While the farmhands held him still, I ran to get my buttonhook and taking a deep breath (and with a quick prayer to the Lord) dipped it in rye whisky and plunged it into the jagged hole. After probing around for a moment, I managed to hook out the bullet with a flick of my wrist.

What a useful little thing to have! I got to thinking.

With new wealth the town became more lawless and I took to carrying the buttonhook in my petticoats whenever I went out alone. Let me tell you I had to use it on more than one occasion, for when those prospectors got liquor inside them, suffice to say that their thought turned to more than gold when they saw a woman.

For the most time, I managed to dissuade them with the sharp point of my buttonhook, until I met my Jed and then no longer cared to use it in my defence.

Five years later we had five kids, and come the Fall, on my twenty-third birthday, it was clear that once again, I was ‘with child.’

That man was as fertile as a rutting ram! I decided there and then that enough was enough and I would not suffer those terrible birthing pains again.

Now I’d never been much for book learning, but that didn’t mean I hadn’t learned a thing or two along the way. So that night, when Jed had gone out drinking and the kids were in bed, I fetched my buttonhook down from its place by the fireside.

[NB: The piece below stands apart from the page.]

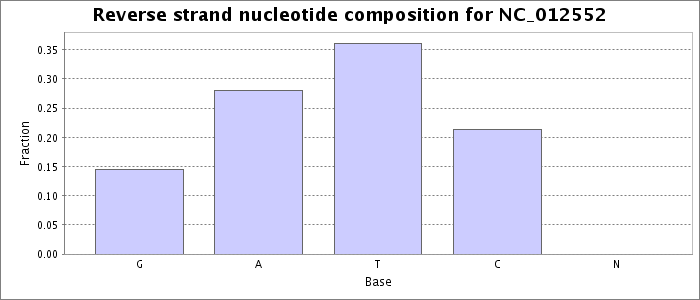 Nucleotide composition on the reverse strand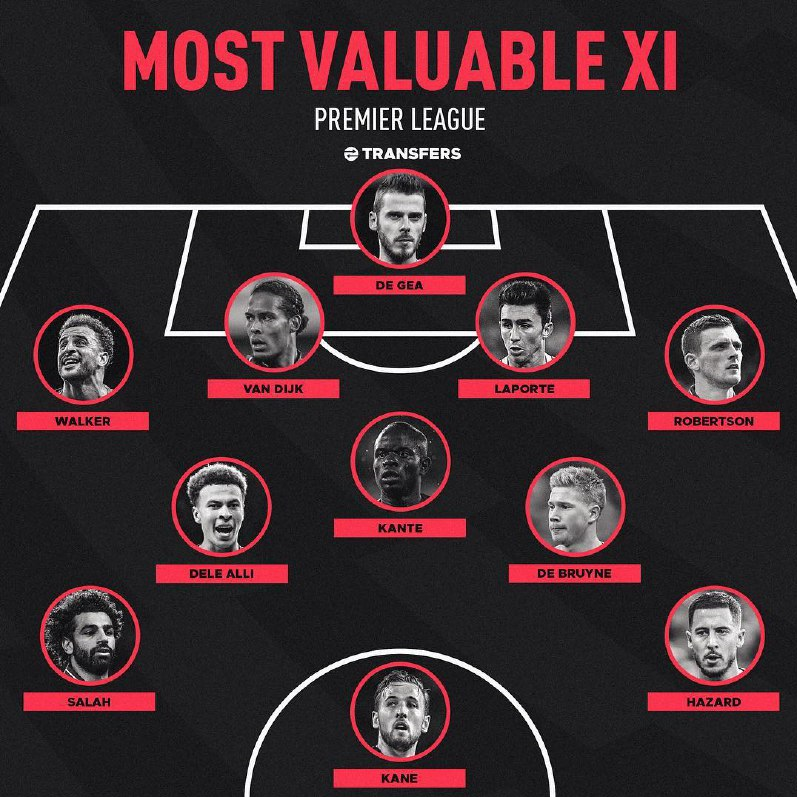 گرانقیمت&zwnj;ترین بازیکنان لیگ جزیره (+عکس)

With a little push and a gentle twist (carefully though) the job was done quickly enough.

Three times more in the next couple of years this had to be done, until it seemed that my body got the right idea and the babies stopped coming. With great ceremony the hook was carefully washed and polished on each occasion, with due deference to Grandma Lila.

What a useful little thing to have around!

In time, I got known for helping out the saloon girls when they found themselves in trouble, but never did I take money. That would have not been right!

Now I’m just an old lady myself, sat on the front porch in my rocking chair. My face is leathery and wrinkled, just like Grandma Lila’s was, baked by the hot Yukon sun these past eighty years or so.

As I put back my head to take a nap, the buttonhook slipped from between gnarled old fingers and before I can stop it, falls down a crack between the boards of the old porch. I strained my old eyes to see where it went, but by now it was deep under the house never to be found again.

There are no regrets as I settle back and smile to myself. Where I’m going soon, I guess you just won’t need a buttonhook, so maybe it’s better laid to rest in the earth too, keeping all its memories to itself.